What the task requires:
Restate the listing below word for word; no pictures belong in the copy.

Dataset content:
┌──

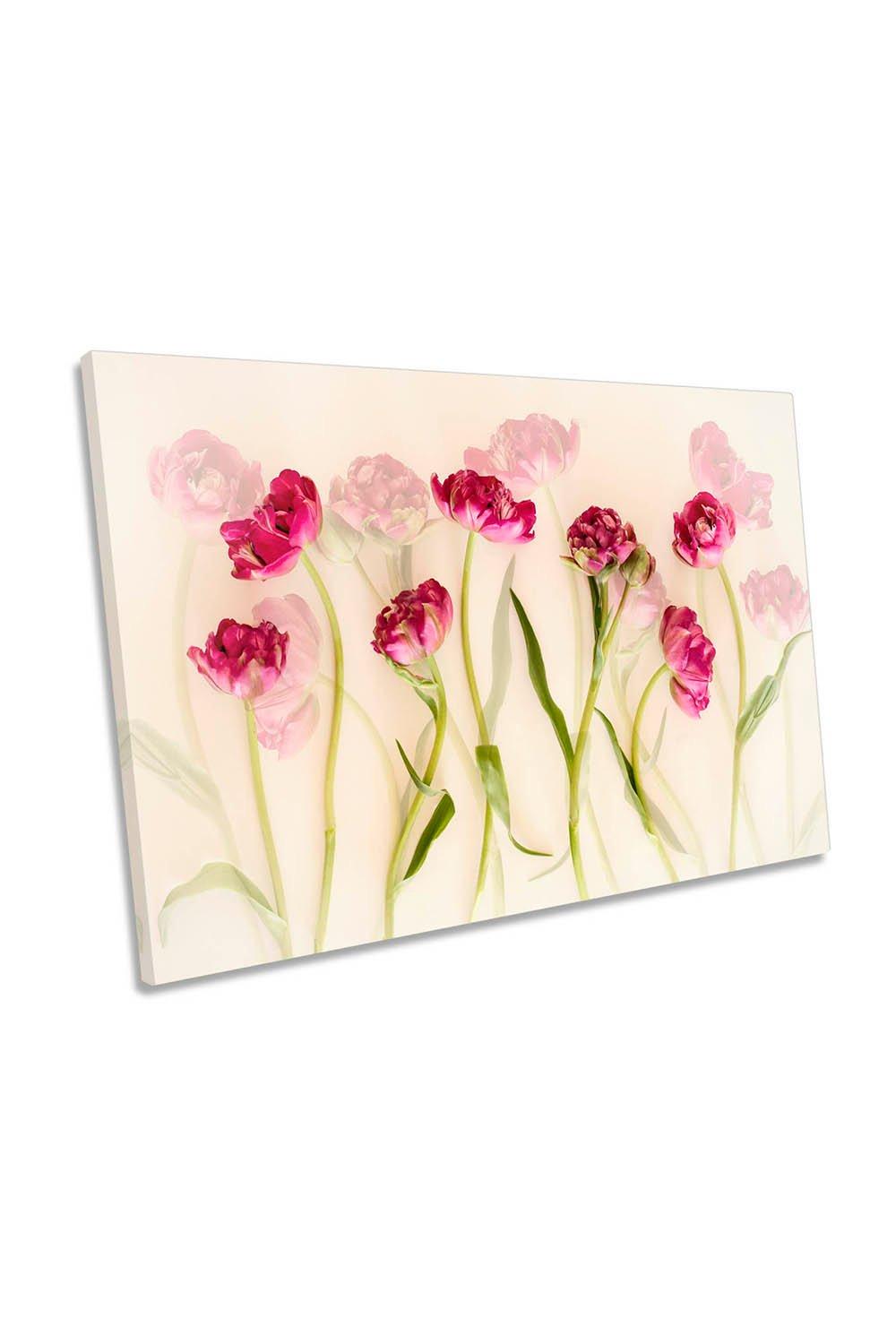 Pink Tulips Flowers Floral Canvas Wall Art Picture Print
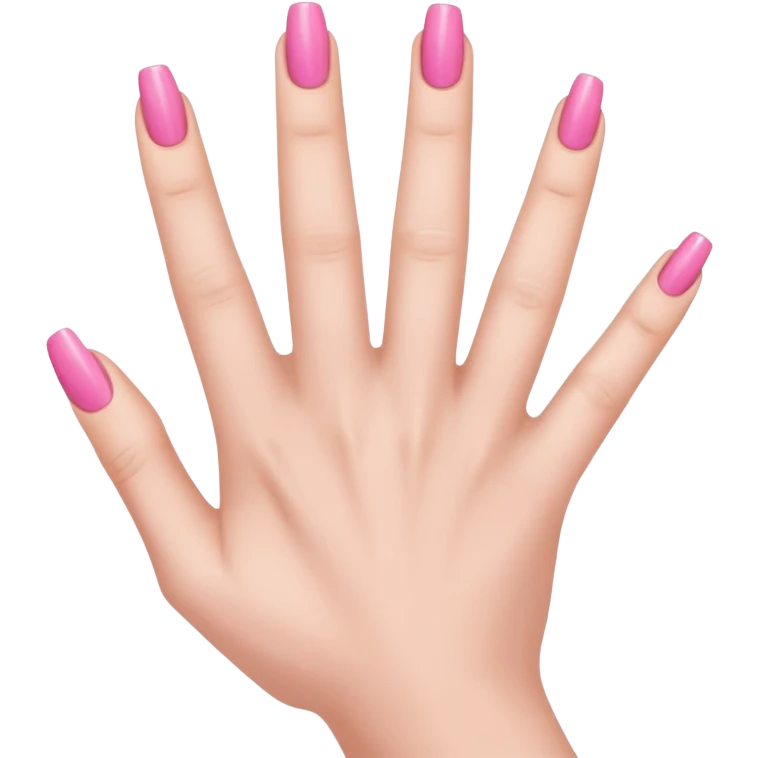  pink  close-up of a human hand with exactly five fingers, beautifully manicured nails, glossy pink nail polish, elegant nail shape, soft lighting, realistic style, isolated on transparent background" emoji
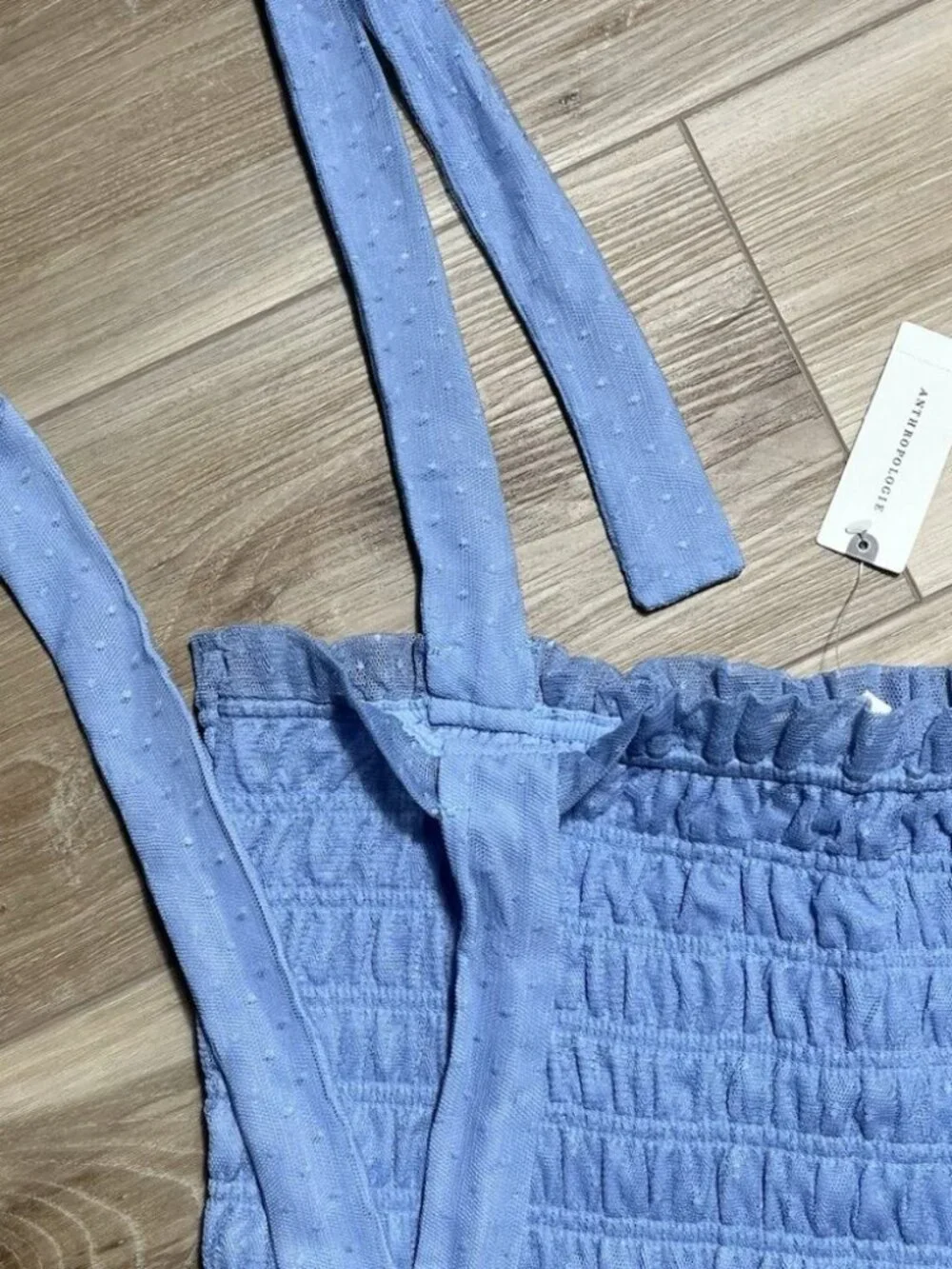 NWT Anthropologie Blue Smocked Blue Cami Top - Women Size Large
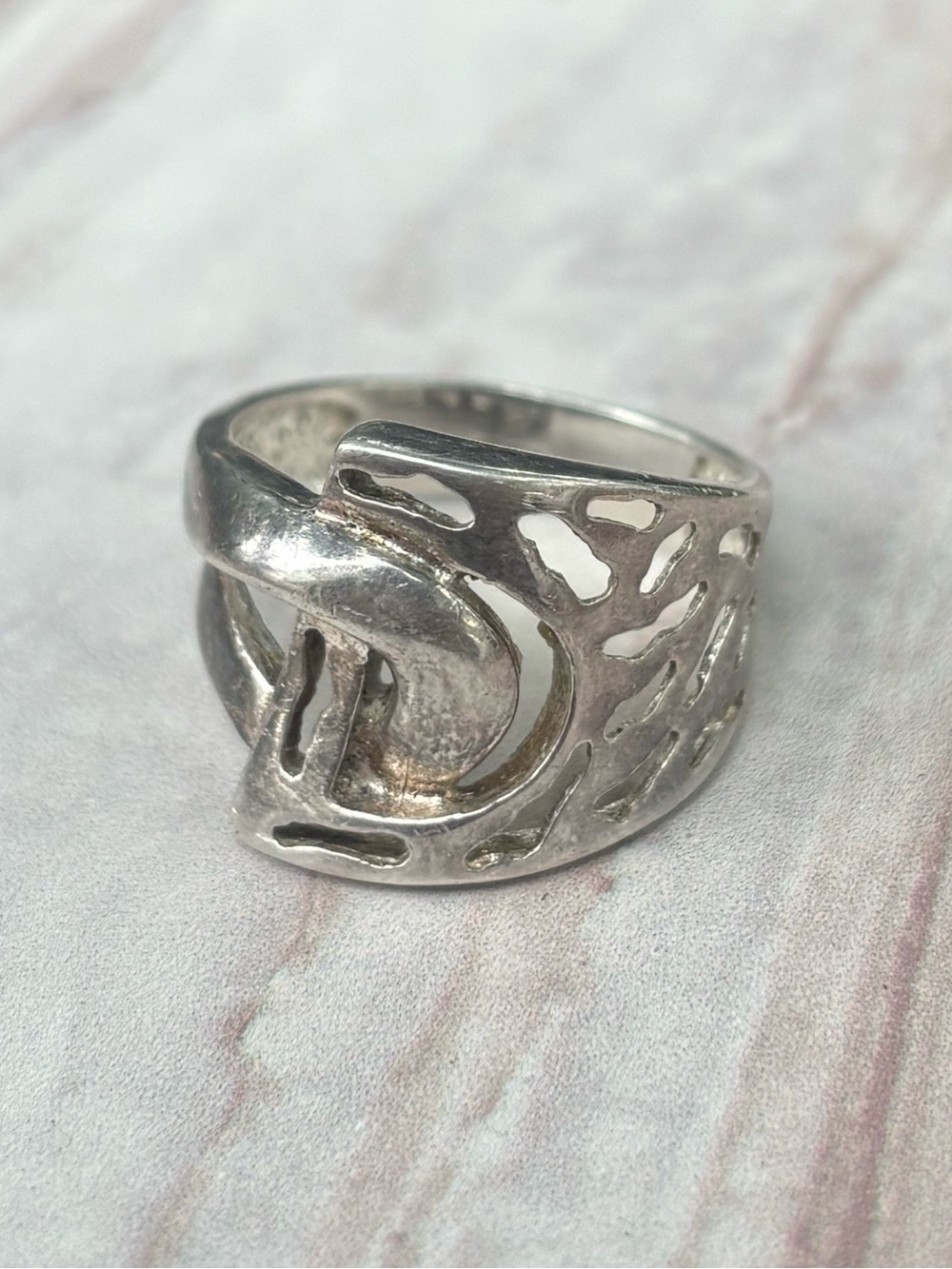 Vintage 925 Sterling Silver Abstract Cut Out Band Ring Size 8 Modernist Bold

└──

Response area:
 Pink Tulips Flowers Floral Canvas Wall Art Picture Print
  pink  close-up of a human hand with exactly five fingers, beautifully manicured nails, glossy pink nail polish, elegant nail shape, soft lighting, realistic style, isolated on transparent background" emoji
 NWT Anthropologie Blue Smocked Blue Cami Top - Women Size Large
 Vintage 925 Sterling Silver Abstract Cut Out Band Ring Size 8 Modernist Bold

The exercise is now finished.